Small Business Energy Market Update Tues 13 Aug 19: Prices have generally eased off over the course of the week, with all contract tenures reported on decreasing in value in comparison to the last issue sent on 5th August. There has been a brief spell where prices increased over a number of days, with some short volatility, however all in all prices are down.
The UK temperatures delivered below seasonal average for the previous working week, which helped to suppress gas demand. In addition to cooler temperatures, the UK faced strengthening renewable generation amid blustery and stormy conditions. The CCGT demand significantly reduced falling to total of 30mcm. With reduced temperatures and higher wind levels the gas burn for power generation halved in comparison to the week before.

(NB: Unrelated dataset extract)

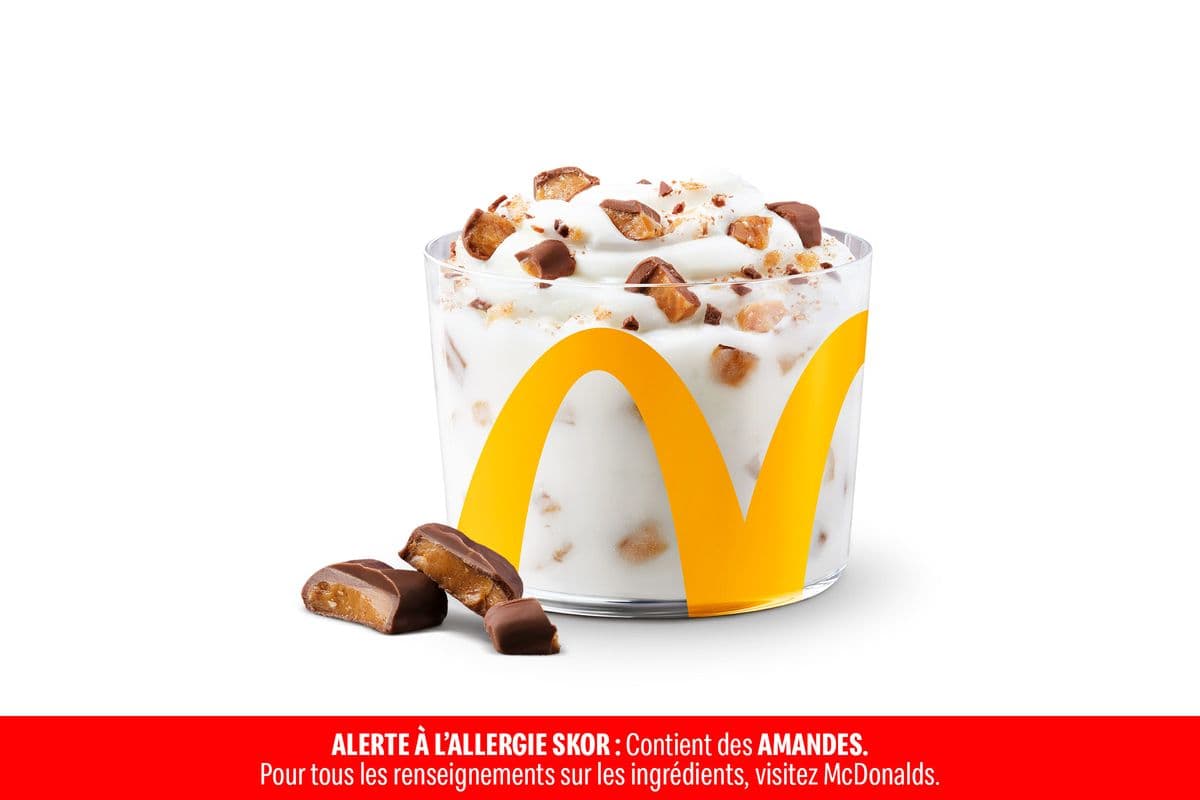 McFlurry SKOR [370.0 Cal]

The UK gas system was comfortable for the last working week, aided by higher renewables as discussed above. On 4th August, Norwegian maintenance on infrastructure calmed leading to strong flows into the UK. The prompt prices, influencing a 12-month tenure saw prices fall as the DA and front month contracts lost value.
Oil prices have consistently fallen over the past week as a weaker demand outlook amid poor economic data and continuation of the US/ China trade war pressured the market. The Chinese yuan saw a sharp fall against the US dollar on 5th August, leading to Donald Trump branding China as a currency manipulator. Following a recent escalation in the trade war between the countries, Oil prices have slipped below $60 as forecast demand weakens as China need less of the commodity due to a slowing economy.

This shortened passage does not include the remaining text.